Gracques
- Formation: 2007
- Type: Public Policy Think Tank
- Website: www.lesgracques.fr

= Gracques =

French think tank

The Gracques, named after the Gracchi brothers, are a French Social liberal think-tank.

During the French presidential election of 2007, a group of former high-ranking civil servants published an open letter titled Merci, François ! ("Thank you, François!"), and signed "Les Gracques", in Le Point of 22 March 2007. The manifesto praised François Bayrou, advocated a Social democrat approach for the Socialist Party, and an alignment of the French political spectrum with that of the "great nations of Europe and Northern America", meaning an alliance between the Left and the Centre against the Right-wing.

After the election, the signatories and their sympathisers founded a thinktank, as a Voluntary association (association loi de 1901), and published a formal manifesto.

The Gracques notably define themselves as democratic, liberal, desegregationist, pro-labour, favourable toward state regulation of the economy, favourable toward wealth redistribution, pro-ecology, pro-European, and internationalist.

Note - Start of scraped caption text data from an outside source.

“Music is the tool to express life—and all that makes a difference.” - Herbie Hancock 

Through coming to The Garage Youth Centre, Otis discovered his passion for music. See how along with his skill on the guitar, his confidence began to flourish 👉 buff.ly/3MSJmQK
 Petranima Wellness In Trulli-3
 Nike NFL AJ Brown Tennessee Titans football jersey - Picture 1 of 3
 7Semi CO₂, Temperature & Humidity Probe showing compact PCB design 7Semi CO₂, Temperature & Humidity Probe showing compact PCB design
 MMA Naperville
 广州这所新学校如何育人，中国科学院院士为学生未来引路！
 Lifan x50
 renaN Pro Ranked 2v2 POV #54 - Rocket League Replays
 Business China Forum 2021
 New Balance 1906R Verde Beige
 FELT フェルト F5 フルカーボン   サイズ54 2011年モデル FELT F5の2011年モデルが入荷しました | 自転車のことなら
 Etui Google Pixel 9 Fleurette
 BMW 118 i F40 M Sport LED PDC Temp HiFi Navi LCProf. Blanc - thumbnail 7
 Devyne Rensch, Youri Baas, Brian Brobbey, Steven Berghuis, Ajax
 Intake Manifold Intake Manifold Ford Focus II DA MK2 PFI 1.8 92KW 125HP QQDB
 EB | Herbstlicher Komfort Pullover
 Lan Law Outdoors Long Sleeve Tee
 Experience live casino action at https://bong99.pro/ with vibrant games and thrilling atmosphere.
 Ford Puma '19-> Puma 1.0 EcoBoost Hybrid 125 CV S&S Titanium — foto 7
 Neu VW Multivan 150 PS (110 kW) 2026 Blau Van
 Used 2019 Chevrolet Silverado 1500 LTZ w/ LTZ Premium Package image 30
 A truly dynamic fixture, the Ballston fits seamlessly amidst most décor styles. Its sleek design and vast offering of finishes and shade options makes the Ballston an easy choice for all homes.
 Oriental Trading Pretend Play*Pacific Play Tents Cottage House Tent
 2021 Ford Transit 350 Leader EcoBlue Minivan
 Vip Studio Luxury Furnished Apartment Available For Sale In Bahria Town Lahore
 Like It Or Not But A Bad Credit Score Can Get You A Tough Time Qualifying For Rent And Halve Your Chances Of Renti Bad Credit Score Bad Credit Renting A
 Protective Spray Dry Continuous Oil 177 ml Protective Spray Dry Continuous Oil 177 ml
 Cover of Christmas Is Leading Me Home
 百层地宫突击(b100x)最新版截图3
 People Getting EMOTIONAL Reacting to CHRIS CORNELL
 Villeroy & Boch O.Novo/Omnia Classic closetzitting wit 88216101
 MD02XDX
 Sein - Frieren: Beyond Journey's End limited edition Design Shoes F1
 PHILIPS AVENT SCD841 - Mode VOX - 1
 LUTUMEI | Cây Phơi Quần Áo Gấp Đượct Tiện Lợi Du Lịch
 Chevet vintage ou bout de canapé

The original members have been rumoured to include Jean-Pierre Jouyet, Denis Olivennes, Roger Godino, Matthieu Pigasse, Ariane Obolensky, Bernard Spitz, Guillaume Hannezo, François Villeroy de Galhau, Gilles de Margerie. As of late 2008, the association claims about 770 members. The organisation's Summer Universities in 2007 and 2008 have featured such speakers as Michel Rocard, Anthony Giddens, Walter Veltroni, Peter Mandelson and François Chérèque.